One of the most famous silent films ever made, one that gets shown time and again in art history classes. Yet, most of us have never seen it in its original form. Decades of censorship, re-editing and other tinkering have resulted in a slow, disjointed motion picture. Now that it has been restored, prepare yourself for a revelation.
A Film Revolution
There are four particularly obnoxious words that seem to always be cropping up on the internet today: “You’re doing it wrong.” It might be a recipe. It might be a household chore. It might be a hobby. Whatever it is, there is some smug know-it-all online ready to explain why your method is just awful and should be replaced with theirs.
Of course, these articles are often worthless; the advice turns out to be weird, impractical or a matter of personal taste. That being said, I am going to take the plunge. Watching Battleship Potemkin: You’re doing it wrong.
Not just you. The whole world. Since just after its initial release, in fact. Battleship Potemkin was a film created in tumultuous times, subject to cuts and general tinkering. Fortunately for us, a restoration has finally been released and it is now possible to see a version of the film very close to what was shown at its premiere in 1925. More on that in a bit.

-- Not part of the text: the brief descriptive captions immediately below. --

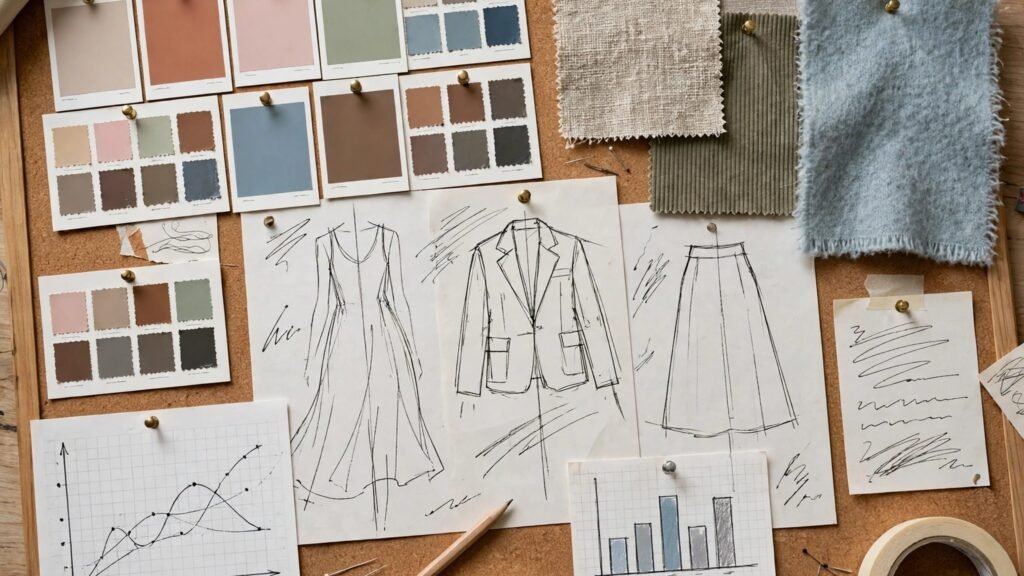 Trend forecast chart showing colours and silhouettes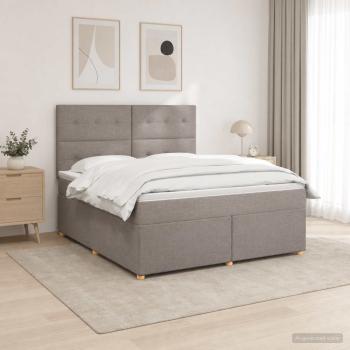 ARDEBO.de - Boxspringbett mit Matratze Taupe 140 x 200 cm Stoff
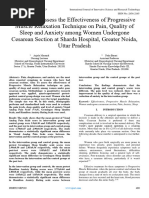 Keyword:-Effectiveness, Progressive Muscle Relaxation,: Women Undergone Caesarean Section, Pain, Anxiety, Sleep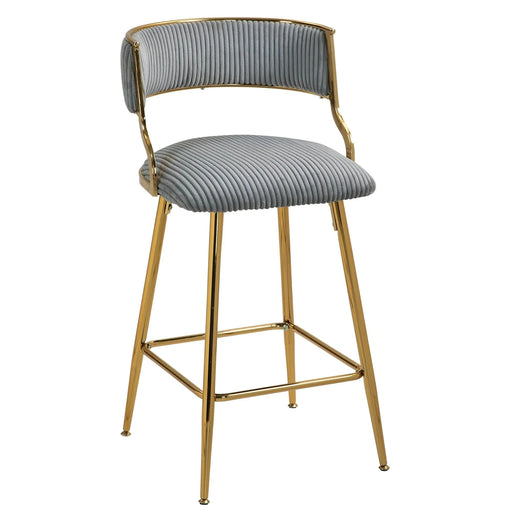 Corduroy Counter Height Bar Stools with Back and Golden Chromed Base, Grey, Set of 2 Default -DTYStore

The perils of a Russophile
Francophiles and Anglophiles are pretty common in the U.S. Me? I am a longtime Russophile. Russian music, books and films provide collections of intriguing contradictions. The music is loud, robust, delicate, lilting. The books are dour, deep, hilarious and quirky. And the film is romantic, cynical, light and heavy. Every emotion is touched. If you think that all Russian stuff is dark and heavy, think again.
One of the perils of Russophilia: Dealing with darn fool statements like, “Why would you watch that? Weren’t they our enemies?” I truly believe that art is an international language and the key to understanding other cultures.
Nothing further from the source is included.